Nog veel subtieler voor de ware student van de Schrift is de leer dat wij onze willen moeten laten gelden. Het werd in een religieus weekblad goed uitgedrukt:

"Het is zeker dat God ons onze willen heeft gegeven als een kostbaar en vitaal rentmeesterschap dat tot zijn eer en heerlijkheid gebruikt moet worden. Het leven dat herboren werd door geloof in Christus als Redder en dan in volle overgave aan Hem als Heer is overgedragen, is niet een leven waaruit de wil verdwijnt, maar waarin die als nooit tevoren gebruikt moet worden, aangedreven door de kracht van "dynamiet' (dynamis) van God. Het overgedragen, geest-gevulde leven dat zich verheugt in het in Christus verblijven, is ver verwijderd van dat van passiviteit en werkeloosheid. Aan hen allen werden de woorden gericht: "Want God is Degene Die in jullie zowel het willen als het werken inwerkt, ten behoeve van het welbehagen," (Filip. 2;13). Het Griekse werkwoord dat hier met "willen" is vertaald is hetzelfde werkwoord theloo, dat iets uitdrukt dat vele malen krachtiger is dan slechts een wens of verlangen, want het is het doel, het besluit, de wil van God die werkt in de levens van Zijn kinderen."
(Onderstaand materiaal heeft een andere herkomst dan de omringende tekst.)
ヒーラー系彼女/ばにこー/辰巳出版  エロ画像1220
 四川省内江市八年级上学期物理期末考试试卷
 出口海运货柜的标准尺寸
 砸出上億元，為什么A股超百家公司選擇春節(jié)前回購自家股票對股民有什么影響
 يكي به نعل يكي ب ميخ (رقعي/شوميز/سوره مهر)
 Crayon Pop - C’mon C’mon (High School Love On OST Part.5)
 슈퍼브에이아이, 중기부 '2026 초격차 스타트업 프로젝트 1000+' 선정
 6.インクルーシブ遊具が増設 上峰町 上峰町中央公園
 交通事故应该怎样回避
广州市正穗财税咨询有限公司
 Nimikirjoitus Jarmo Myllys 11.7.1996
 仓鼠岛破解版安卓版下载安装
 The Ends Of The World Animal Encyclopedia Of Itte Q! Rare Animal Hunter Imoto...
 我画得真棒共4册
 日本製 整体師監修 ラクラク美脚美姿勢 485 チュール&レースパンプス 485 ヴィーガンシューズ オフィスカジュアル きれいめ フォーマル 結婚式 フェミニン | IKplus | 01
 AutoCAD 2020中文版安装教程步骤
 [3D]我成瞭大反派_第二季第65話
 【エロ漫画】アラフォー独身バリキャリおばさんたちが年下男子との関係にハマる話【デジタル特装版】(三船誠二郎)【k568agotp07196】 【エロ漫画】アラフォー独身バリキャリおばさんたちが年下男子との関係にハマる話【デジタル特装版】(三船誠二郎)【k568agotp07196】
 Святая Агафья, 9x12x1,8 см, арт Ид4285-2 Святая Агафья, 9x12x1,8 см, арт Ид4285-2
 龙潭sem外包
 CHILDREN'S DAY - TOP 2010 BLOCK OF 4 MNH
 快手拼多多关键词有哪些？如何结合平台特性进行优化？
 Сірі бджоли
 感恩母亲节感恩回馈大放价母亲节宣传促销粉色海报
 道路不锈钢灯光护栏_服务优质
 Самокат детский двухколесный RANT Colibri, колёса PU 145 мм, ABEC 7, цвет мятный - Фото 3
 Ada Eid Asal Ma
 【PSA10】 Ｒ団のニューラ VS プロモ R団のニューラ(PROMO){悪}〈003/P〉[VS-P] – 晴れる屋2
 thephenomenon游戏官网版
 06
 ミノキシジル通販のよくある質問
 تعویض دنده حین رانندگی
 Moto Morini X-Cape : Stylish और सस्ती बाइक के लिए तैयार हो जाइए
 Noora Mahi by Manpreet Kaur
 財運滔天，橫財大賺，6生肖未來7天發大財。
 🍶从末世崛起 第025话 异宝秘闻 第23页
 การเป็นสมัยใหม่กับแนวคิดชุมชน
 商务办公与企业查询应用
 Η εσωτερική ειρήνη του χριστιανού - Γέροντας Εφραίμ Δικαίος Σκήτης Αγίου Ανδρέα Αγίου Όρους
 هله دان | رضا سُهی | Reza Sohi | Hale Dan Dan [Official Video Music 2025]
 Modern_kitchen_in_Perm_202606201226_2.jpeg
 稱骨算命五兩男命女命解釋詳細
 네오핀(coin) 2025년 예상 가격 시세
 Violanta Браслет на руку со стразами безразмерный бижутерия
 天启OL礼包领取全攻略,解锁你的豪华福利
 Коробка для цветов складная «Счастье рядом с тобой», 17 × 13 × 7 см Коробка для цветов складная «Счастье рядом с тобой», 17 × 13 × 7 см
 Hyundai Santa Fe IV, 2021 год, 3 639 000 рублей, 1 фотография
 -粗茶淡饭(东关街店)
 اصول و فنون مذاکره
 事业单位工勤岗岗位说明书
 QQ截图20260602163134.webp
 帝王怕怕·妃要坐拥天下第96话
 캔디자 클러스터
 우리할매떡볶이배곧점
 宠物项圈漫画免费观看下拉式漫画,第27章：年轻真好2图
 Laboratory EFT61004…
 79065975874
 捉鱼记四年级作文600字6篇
Als onze lezers alle voorkomende plaatsen van theleema, WIL, zouden raadplegen, zouden ze zowel genoegen als voordeel verkrijgen. Van de ongeveer zestig plaatsen spreken er minstens vijftig van de wil van God. De wil van de mens is volgens de goddelijke rekening niet belangrijk. De lijst begint met "Uw wil geschiede" (Matt. 6:10) en eindigt met "want U schept alle dingen en vanwege Uw wil waren zij en worden zij geschapen" (Openb. 4:11). In Romeinen 2:18 wordt God's wil (h)erkent als de wil die geen verdere toelichting nodig heeft. De Jood kende de wil omdat hij de goddelijke woorden had. Het komende koninkrijk wordt kort gekenschetst als de tijd waarin de mensen niet hun eigen wil doen, maar die van de Vader.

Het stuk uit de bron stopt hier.